WHAT YOU WILL DO:
Please copy, exactly as they appear below, the lines from the one containing "Чехол для телефона" through the one containing "长直发，白色头发从中段渐变为黑色，加一点青色和粉色挑染 --relax --aspect".

SUPPLIED MATERIAL:
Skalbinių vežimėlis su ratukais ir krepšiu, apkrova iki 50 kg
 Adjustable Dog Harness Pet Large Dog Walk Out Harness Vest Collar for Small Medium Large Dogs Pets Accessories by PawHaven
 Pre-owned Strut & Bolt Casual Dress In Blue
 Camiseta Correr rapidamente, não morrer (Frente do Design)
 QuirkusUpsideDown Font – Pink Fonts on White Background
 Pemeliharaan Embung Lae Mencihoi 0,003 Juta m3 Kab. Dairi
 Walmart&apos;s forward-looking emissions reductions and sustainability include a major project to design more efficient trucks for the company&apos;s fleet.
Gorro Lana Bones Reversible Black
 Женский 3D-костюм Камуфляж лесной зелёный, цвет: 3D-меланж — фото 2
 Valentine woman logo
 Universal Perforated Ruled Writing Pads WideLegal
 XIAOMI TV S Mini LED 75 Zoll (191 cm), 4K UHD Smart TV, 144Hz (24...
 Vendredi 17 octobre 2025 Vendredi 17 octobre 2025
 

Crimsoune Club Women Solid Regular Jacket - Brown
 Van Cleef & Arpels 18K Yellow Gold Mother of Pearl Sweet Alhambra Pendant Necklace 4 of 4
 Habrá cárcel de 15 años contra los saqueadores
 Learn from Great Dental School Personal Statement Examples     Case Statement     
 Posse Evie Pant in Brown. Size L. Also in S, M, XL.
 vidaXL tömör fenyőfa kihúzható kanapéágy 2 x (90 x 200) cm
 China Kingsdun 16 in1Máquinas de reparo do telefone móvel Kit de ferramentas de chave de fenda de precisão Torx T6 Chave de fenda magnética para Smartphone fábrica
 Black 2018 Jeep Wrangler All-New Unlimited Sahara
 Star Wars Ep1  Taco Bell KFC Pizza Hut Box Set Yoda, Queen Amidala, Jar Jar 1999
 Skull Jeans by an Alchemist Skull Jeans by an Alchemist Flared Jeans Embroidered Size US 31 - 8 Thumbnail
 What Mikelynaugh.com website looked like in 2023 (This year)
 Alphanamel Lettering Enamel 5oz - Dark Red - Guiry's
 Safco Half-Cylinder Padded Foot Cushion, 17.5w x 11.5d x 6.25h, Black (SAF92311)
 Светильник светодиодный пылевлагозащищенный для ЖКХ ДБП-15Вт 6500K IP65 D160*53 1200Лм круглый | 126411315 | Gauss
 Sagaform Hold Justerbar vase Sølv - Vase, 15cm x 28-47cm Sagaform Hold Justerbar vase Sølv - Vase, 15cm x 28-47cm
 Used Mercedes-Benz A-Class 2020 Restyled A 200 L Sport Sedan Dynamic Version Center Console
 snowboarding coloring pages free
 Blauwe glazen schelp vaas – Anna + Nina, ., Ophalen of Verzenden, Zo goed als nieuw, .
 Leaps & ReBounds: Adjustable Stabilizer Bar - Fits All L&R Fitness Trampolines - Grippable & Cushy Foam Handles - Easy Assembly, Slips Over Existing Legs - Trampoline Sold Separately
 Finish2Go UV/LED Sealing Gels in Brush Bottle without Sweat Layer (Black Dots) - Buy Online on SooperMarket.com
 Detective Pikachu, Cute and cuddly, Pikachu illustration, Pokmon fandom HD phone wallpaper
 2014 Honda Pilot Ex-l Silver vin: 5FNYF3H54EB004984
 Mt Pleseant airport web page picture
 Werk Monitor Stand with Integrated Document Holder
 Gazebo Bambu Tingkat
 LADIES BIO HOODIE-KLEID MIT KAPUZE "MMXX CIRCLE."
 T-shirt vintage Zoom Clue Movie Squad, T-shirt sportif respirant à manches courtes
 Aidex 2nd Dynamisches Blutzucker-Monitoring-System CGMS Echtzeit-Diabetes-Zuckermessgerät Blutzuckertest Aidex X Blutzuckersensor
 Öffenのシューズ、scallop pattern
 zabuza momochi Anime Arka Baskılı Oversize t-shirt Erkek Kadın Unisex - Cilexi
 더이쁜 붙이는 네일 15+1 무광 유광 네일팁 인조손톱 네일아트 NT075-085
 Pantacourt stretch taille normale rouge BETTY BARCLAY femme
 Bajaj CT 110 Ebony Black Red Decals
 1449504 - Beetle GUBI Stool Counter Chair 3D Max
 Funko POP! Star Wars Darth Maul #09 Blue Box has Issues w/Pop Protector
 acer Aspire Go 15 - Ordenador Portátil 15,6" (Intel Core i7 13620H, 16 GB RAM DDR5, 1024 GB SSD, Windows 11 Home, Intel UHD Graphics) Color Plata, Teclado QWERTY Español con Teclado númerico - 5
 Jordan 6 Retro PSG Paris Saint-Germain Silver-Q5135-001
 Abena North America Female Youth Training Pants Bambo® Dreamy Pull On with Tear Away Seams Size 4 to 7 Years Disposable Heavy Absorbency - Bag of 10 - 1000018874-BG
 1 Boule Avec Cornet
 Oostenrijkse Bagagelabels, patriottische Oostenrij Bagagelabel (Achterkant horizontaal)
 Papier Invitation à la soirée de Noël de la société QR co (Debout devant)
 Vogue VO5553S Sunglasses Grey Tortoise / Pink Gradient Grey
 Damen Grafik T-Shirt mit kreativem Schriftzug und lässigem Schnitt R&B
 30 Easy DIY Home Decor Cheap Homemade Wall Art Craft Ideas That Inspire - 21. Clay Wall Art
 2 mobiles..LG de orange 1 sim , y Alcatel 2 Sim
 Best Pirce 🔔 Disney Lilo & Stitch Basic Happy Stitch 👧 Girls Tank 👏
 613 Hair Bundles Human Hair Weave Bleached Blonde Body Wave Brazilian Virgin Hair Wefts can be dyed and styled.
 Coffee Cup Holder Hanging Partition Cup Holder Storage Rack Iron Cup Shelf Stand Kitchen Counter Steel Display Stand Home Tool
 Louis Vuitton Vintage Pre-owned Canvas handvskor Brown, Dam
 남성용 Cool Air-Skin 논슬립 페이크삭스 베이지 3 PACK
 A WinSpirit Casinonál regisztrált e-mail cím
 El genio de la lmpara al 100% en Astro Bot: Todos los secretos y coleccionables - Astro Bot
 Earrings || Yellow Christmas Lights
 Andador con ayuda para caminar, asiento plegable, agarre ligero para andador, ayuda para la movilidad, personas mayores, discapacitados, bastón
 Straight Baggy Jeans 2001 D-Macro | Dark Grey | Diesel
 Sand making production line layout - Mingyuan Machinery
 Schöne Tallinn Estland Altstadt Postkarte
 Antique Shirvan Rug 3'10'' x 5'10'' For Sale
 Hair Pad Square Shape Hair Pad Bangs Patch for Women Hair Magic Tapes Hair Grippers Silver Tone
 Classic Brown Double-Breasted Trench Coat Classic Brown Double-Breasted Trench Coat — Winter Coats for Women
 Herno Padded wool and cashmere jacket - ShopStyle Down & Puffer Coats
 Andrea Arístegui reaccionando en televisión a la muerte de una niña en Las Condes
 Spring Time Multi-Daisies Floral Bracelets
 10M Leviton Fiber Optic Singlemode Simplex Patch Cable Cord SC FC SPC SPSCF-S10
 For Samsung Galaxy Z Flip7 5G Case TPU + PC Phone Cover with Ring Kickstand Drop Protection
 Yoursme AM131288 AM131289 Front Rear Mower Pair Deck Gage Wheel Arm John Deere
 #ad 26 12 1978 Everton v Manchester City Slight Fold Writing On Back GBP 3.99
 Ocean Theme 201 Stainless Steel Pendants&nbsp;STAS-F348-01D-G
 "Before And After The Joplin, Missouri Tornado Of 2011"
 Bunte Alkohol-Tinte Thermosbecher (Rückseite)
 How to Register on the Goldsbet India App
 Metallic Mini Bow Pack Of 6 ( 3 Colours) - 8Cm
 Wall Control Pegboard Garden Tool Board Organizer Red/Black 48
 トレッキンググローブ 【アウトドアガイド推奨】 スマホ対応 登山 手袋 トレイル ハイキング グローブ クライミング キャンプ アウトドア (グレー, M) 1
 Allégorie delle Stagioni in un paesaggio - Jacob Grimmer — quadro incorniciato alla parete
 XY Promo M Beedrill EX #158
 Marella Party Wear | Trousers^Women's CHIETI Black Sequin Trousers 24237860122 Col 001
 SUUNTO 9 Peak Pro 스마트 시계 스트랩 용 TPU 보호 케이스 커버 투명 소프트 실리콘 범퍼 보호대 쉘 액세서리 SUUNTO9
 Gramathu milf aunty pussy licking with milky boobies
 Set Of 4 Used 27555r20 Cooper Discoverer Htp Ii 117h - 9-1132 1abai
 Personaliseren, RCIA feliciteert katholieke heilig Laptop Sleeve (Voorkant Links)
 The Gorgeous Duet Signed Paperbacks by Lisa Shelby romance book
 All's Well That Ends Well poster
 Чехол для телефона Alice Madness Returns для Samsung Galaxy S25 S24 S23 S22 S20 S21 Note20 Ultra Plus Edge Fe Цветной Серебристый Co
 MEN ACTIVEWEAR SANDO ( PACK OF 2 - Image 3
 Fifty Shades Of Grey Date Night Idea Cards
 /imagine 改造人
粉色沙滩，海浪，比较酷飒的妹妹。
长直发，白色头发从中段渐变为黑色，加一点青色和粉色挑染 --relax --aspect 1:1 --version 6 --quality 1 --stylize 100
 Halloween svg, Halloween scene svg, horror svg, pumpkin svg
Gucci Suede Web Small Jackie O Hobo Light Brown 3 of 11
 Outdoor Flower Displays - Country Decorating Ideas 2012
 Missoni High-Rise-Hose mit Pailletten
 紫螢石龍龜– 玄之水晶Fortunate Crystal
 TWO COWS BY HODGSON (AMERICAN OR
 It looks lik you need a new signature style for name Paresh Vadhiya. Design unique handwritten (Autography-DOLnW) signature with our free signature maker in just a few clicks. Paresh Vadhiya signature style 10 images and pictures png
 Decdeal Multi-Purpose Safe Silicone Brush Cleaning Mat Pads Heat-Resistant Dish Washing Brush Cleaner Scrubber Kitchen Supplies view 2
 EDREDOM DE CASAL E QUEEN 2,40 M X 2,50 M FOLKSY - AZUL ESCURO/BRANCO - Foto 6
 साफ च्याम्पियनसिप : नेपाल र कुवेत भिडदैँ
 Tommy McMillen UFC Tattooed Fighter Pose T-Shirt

TASK RESULT:
 Чехол для телефона Alice Madness Returns для Samsung Galaxy S25 S24 S23 S22 S20 S21 Note20 Ultra Plus Edge Fe Цветной Серебристый Co
 MEN ACTIVEWEAR SANDO ( PACK OF 2 - Image 3
 Fifty Shades Of Grey Date Night Idea Cards
 /imagine 改造人
粉色沙滩，海浪，比较酷飒的妹妹。
长直发，白色头发从中段渐变为黑色，加一点青色和粉色挑染 --relax --aspect 1:1 --version 6 --quality 1 --stylize 100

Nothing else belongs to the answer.